Learning to be Grateful

One of my morbid recreational interests is to watch CI - the Sky channel that covers forensics, law enforcement and courtcases in short programmes that can be watched over lunch or while doing the ironing. This long weekend I saw a new one, Curious and Unusual Deaths, which retells the stories of how people have died in weird, fascinating and unexplained ways around the world. (Yes, ghoulish I know, but it is Hallowe'en season!)

The episode that most caught my interest - and sympathy - was one portraying a 28-year-old South Korean man who died after playing an online computer game for almost 50 hours. Lee started playing the popular battle simulation game Starcraft on August 3 2005 and was fixed to his seat for over two days, his marathon gaming session broken only with the occasional toilet break or five-minute nap. Police said the man died from cardiac arrest “stemming from exhaustion”. Lee was hoping to become a professional gamer, a well-paid profession in South Korea where fantasy games cause massive social problems. Multiplayer online role playing games keep thousands of players glued to their screens for many hours.
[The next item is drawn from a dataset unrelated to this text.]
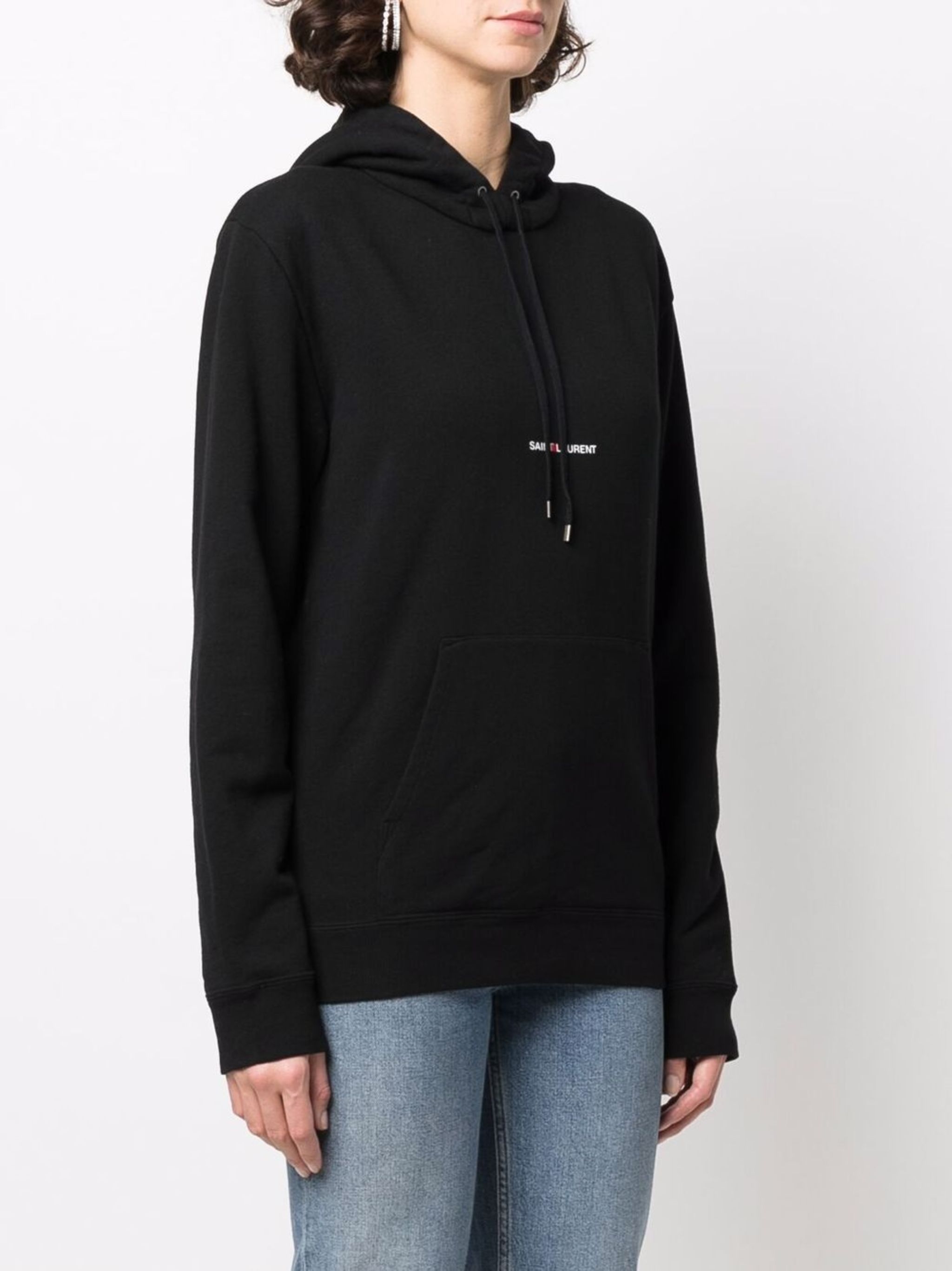 Saint Laurent Paris o1s1wg111124 Dup / Rive Gauche Hoodie in Black Size M / US 6-8 / IT 42-44 - 3 Thumbnail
The programme explained Lee's fatal attraction to the game by reference to intermittent scheduling of reinforcement. This phrase was a 'blast from the past' for me, since I completed three years study of psychology for my Science degree in the early seventies. At both Auckland and Otago Universities I learned to train rats and pigeons using a Skinner box, an animal crate that enables the creature to be rewarded for certain behaviours by the delivery of food. The 'schedule of reinforcement' is the protocol for determining when responses or behaviours will be reinforced. A schedule can offer continuous reinforcement, in which every response is reinforced, like the result we get when turning on a light switch, or extinction, in which no response is reinforced, like when we kick the non-responsive photocopier. Between these extremes is intermittent reinforcement where only some responses are reinforced - like taking a lottery ticket. My studies of the pigeons I taught to peck coloured buttons, in order to release a grain of wheat, utterly convinced me of the principle that intermittent reinforcement produces greater persistence - greater resistance to extinction -than continuous reinforcement. Reinforcement only part of the time results in slower acquisition of a behaviour, but much greater resistance to extinction of that response. (Myers, Exploring Psychology, 2005). Extensive research on how reinforcers can be most effectively scheduled have observed pigeons trained under a "variable interval regime" responding more than 10,000 times without being rewarded.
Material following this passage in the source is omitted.